In Raft, followers are passive, only responding to incoming RPCs. Clients can make requests to any node, follower or leader. Followers, in turn, forward requests to their leader. Last, the leader appends those requests (commands) to its log and sends AppendEntries
RPCs to all of its followers.
What if followers fail?
The leader retries RPCs until they succeed. As soon as a follower recovers, it will catch up with the leader.
In the animation above, notice the stress on the remaining nodes while two of followers (etcd1 and etcd2) are down. Nevertheless, notice that all data is replicated across the cluster, except those two failed ones. Immediately after the nodes recover, the followers sync their data from the leader, looping on this process until all hashes match.
What if a leader fails?
A leader sends periodic heartbeat messages to its followers to maintain its authority.
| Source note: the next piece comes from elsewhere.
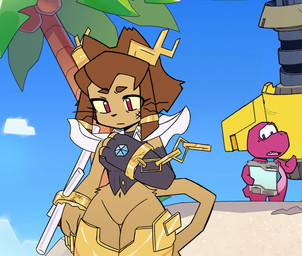 anthro antlers armor bracelet brown_hair clothing conjoined_eyes cosplay crossover_cosplay featureless_crotch female female_anthro greaves hair horn jewelry navel outside palm_tree plant sky solo tail tan_body tree whiskers ratxiao gameoverse glitch_productions pseudoregalia gobbles_(gameoverse) kit_bodega sybil_(pseudoregalia) dinosaur domestic_cat felid feline felis mammal prehistoric_species reptile scalie crossover hi_res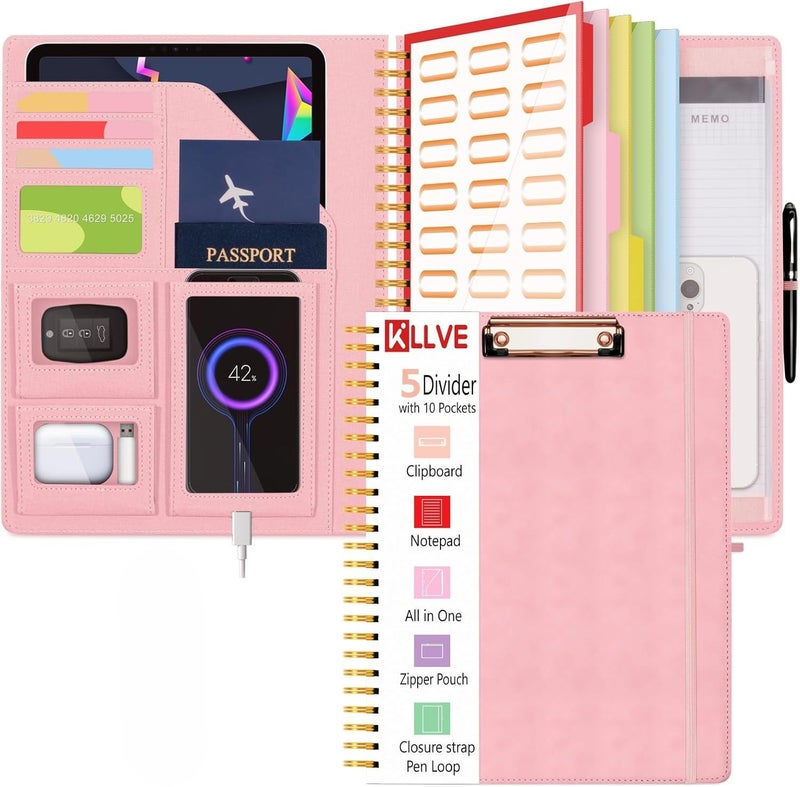 KLLVE Pink Foldable Spiral Clipboard Folio with Storage Zipper Pouch, 5 Plastic Folders with Pockets,Refillable Lined Notepad (8.5" x 11"), Hardcover Project Organizer with 39 Stickers - Image 1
If a follower has not received heartbeats from a valid leader within the election timeout, it assumes that there is no current leader in the cluster, and becomes a candidate to start a new election. Each node includes its last term and last log index in its RequestVote
RPC, so that Raft can choose the candidate that is most likely to contain all committed entries. When the old leader recovers, it will retry to commit log entries of its own. The Raft term is used to detect these stale leaders: Followers deny RPCs if the sender's term is older, and then the sender (often the old leader) reverts back to follower state and updates its term to the latest cluster term.
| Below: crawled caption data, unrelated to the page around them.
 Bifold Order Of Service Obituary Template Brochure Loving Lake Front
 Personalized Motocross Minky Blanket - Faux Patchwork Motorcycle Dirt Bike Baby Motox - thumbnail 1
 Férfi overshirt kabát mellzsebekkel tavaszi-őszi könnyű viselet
The animation above shows the Leader going down, and shortly a new leader is elected.
etcd
is highly available as long as a quorum of cluster members are operational and can communicate with each other and with clients. 5-node clusters can tolerate failures of any two members. Data loss is still possible in catastrophic events, like all nodes failing. etcd
persists enough information on stable storage so that members can recover safely from the disk and rejoin the cluster. In particular, etcd
stores new log entries onto disk before committing them to the log to prevent committed entries from being lost on an unexpected restart.
The animation above shows all nodes being terminated with the Kill
button. etcd
recovers the data from stable storage. You can see the number of keys and hash values match, before and after. The cluster can handle client requests immediately after recovery with a new leader.